The Changdeokgung was similar to its older and larger counterpart, except for an exquisite garden situated on a lake in the inner courtyards, aptly named the Secret Garden. Well, it wasn't so secret anymore. Practically everybody who was anybody who visited South Korea had to get a photo with the Secret Garden. It was a greater celebrity than Lee Byung Hun. Aggressive photographers bellowed at tourists blocking shots of willow branches, pavilions, and mirrorlike ponds.

Truth was, the Secret Garden wasn't photogenic. Digitally, the waters came out muddy, and the trees appeared awkward and crooked, gangly sprouting teenagers with leaves. I wondered how many enjoyed the living beauty of such terraced landscapes, since most did not lift their eyes from the camera's viewfinder. Reminded me of Plato's Allegory of the Cave, prosaic men who preferred to see the dark silhouettes of things rather than the things themselves. When faced with the possibility of something real, do we make the leap?

As I left, I saw two fellow backpackers like myself. (Okay, so I really wasn't a backpacker yet, but I pretended to be one in my mother's absence. It made me feel more adventurous.) One was a mild-mannered Korean girl and the other, a beautiful Caucasian girl with an almost tangible exuberance for life. They looked like college students. I introduced myself and invited them to coffee to escape the sweltering heat.

Where, you ask? Samcheong Dong, of course!

Over tea and Kahlua, they told me they were sisters, visiting from Belgium. My bewilderment must have surfaced in my face, because Sun Mee, the Korean girl, leaned forward. "I was adopted. I'm Belgian. People come up and speak to me in Korean, but I have no idea what they are saying."

"It terrifies her," the emerald-eyed Cheryl laughed. "She shakes her head and turns away. Really quickly."

"She's not afraid of anything," Sun Mee countered. "She does whatever gets into her head. Moving out, quitting jobs, moving in with her boyfriend, takes off whenever to see the world."

"She thinks too much and she's too responsible," Cheryl gently berated. "It took forever to get her to Korea."

"Why Korea?" I asked.

"I just wanted to see the country I left when I was 6 months old.
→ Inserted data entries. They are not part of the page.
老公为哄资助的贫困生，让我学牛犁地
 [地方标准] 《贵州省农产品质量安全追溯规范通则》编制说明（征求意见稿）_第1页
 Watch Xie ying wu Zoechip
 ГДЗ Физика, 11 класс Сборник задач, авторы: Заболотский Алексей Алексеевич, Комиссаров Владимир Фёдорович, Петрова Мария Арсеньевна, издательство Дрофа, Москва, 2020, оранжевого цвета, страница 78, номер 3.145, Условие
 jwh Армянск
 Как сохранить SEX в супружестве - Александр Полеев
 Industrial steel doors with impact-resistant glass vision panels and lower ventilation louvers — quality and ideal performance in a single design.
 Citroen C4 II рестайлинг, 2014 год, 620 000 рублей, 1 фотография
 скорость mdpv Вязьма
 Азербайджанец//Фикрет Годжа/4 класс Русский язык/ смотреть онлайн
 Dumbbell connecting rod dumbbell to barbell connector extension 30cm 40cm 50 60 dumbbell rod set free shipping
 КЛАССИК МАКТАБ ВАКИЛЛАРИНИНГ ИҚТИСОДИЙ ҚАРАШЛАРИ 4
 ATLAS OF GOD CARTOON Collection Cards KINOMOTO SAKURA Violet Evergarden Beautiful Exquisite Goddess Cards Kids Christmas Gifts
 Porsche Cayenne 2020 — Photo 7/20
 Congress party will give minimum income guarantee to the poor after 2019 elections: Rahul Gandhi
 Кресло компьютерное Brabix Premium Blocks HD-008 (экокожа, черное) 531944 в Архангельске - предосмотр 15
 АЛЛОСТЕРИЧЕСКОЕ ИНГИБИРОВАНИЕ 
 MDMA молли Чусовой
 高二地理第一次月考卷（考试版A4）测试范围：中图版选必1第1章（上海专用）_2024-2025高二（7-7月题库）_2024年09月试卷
And I want to meet my mother."

I found out later that she did meet her birth mother. That it was like two strangers meeting, and that it felt like coming home. How they visited temples, Yangsan, museums, ate black pork dinners together, and still felt out of place, the residual memory of how things could have been permeating their conversation. Yet they still talk, though both are shy.

I realized that no matter where you go, you still have roots. Whether it is near or far, whether it hurts or not, your flesh calls to you like a conscience. Blood is a magnet; it eventually brings you home. I remembered I had left my mother back at the hotel.

I lost touch with Sun Mee soon after. But I wrote this for her, a Rendez-vous*.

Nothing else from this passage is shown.